His new EP, AHJ, sounds more alive and more like the Strokes guitarist we're familiar with than his first two solo records. It's been five years since the last one, ¿Cómo Te Llama?, and in that time the Strokes released two records — 2011's Angles and this year's Comedown Machine — and Hammond recovered from some serious drug problems.
He's talked a lot about in interviews recently, and though it all sounds incredibly dark, he seems to be well past it. Not only that, but he's found getting clean is good for his music.
"I mean, at first you feel like you're definitely more creative when you're not doing anything," Hammond said. "It's just that sometimes you can open different doors when you do do stuff. The problem is when you're doing it all the time, you don't end up working as hard. When it interferes with the work is when that's not good. Obviously, I don't have the middle ground. I feel more creative than I ever have. It's something that you chip away, though. I don't want to say it just came."
AHJ is just five tracks, but every one is brimming with fun guitar work. Much of that comes from a stronger desire to push himself. Motivation was coming from all sides — the refreshing feeling of sobriety, working with Strokes' bandmate Julian Casablancas and a need to do better than the last records.

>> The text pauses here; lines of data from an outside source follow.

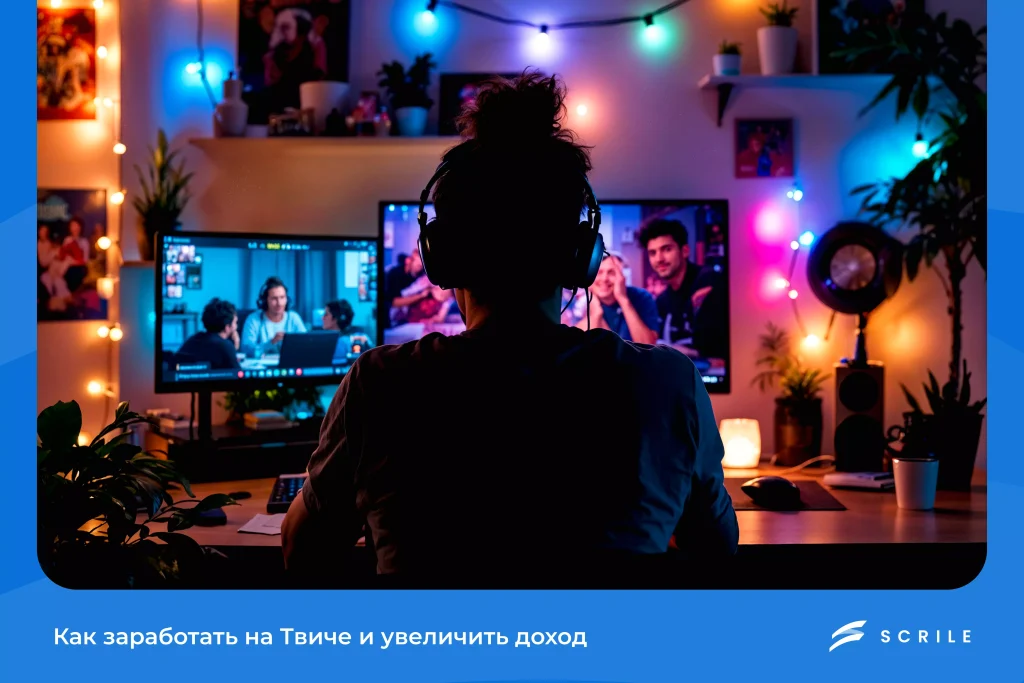 Как заработать на Твиче в 2026 году и увеличить доход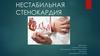 Нестабильная стенокардия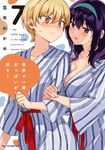 世界で一番おっぱいが好き! 7 MFC - 圖片 1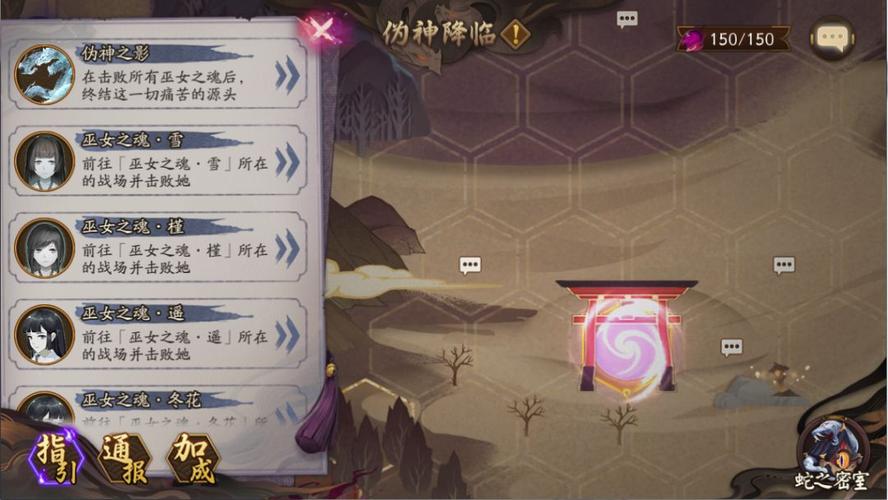 阴阳师伪神降临最佳路线攻略,解锁团队协作新玩法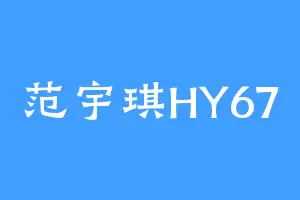 范宇琪HY67
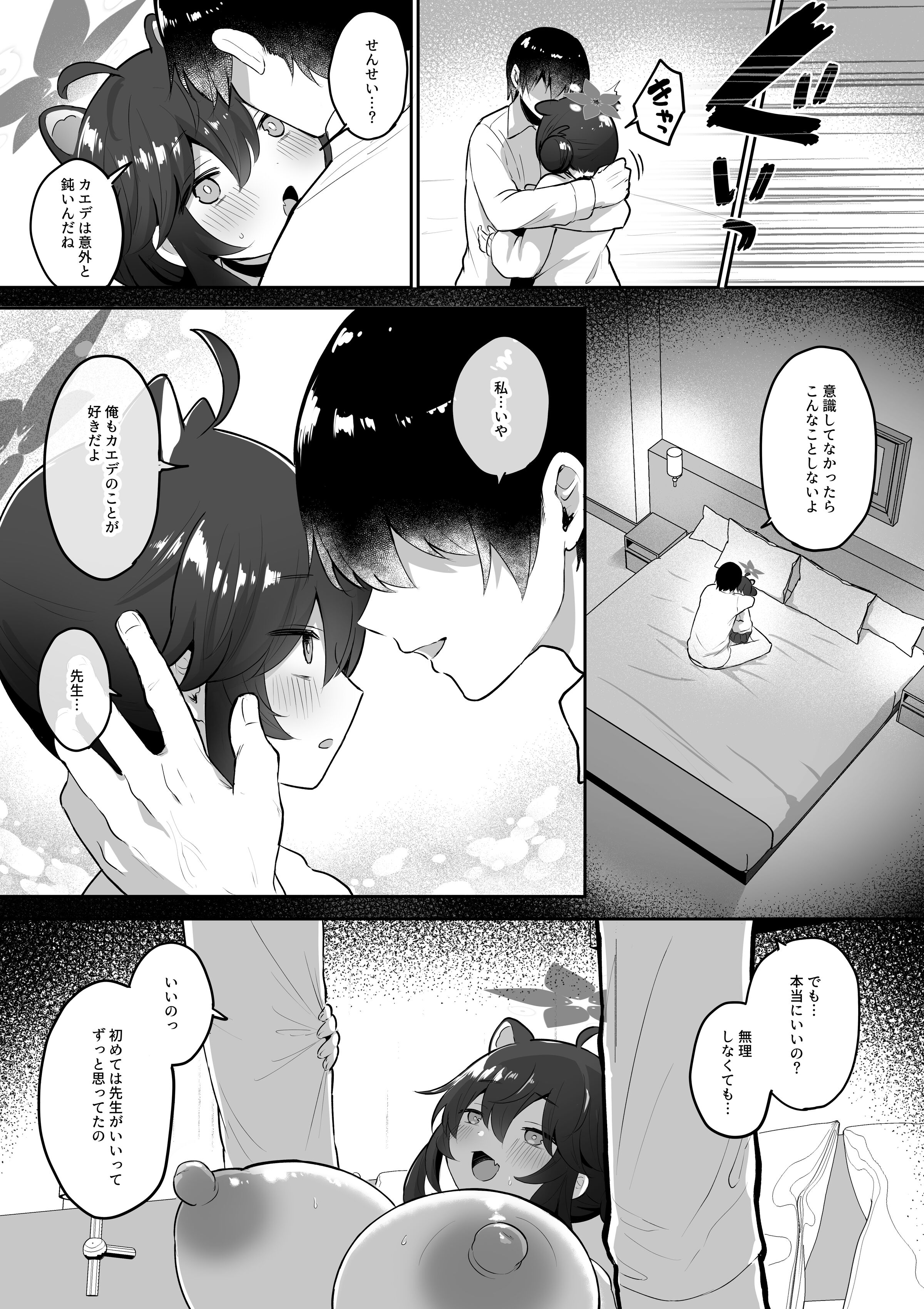 26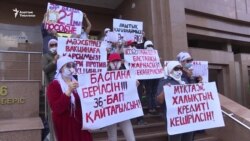 Нур-Султанда митингге чыккан энелер көчөдө түнөштү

"I felt excited to be myself again. I felt like I had so much knowledge from playing with the Strokes for 12 years," he said. "I started to realize I could do so much better. Parts were coming out where I would usually stop and be satisfied and not know where to go. I was pushing it more and thinking about it more."
The EP is pretty distinct Hammond, but his years with the Strokes, and his time with them between solo albums, plus the collaboration with Casablancas, comes through. He said he hated the idea of people thinking of him playing acoustic guitar on his first record, and the second began to move away from that. AHJ is a return to his old style.

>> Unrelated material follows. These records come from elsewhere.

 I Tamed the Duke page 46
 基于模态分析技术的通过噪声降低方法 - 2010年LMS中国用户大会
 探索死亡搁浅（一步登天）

"I imagine the band's influence will always be on me and on all of us. It was great to have Julian, to be on his label, to have him be excited about the songs," Hammond said. "I lived with him for seven years. It kind of felt like that."
His lyrics are already getting picked apart. The natural inclination of most people is look for the references to drug addiction. They can be found, but Hammond said he doesn't write with literal statement in mind.

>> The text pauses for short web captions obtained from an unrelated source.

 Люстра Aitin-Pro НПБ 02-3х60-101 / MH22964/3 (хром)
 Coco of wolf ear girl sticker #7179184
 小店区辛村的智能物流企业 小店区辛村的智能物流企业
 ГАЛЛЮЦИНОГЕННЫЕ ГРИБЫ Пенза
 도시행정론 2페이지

"When I'm writing lyrics, it's such a process of being in a certain moment ... but afterward, when you're thinking about it, you don't really remember that exact moment. I think you're always trying to write somewhat universally. The words being said in this melodic sound could be heard in different ways. Is it about drugs or a woman? That's the same thing, isn't it? Some people in a relationship, that's their addiction."
During a show, though, there's no time for the audience to dissect every line, and the energy of Hammond's music is heightened. In a smaller space like Summit Music Hall's Moon Room, it's all the better. Don't miss it.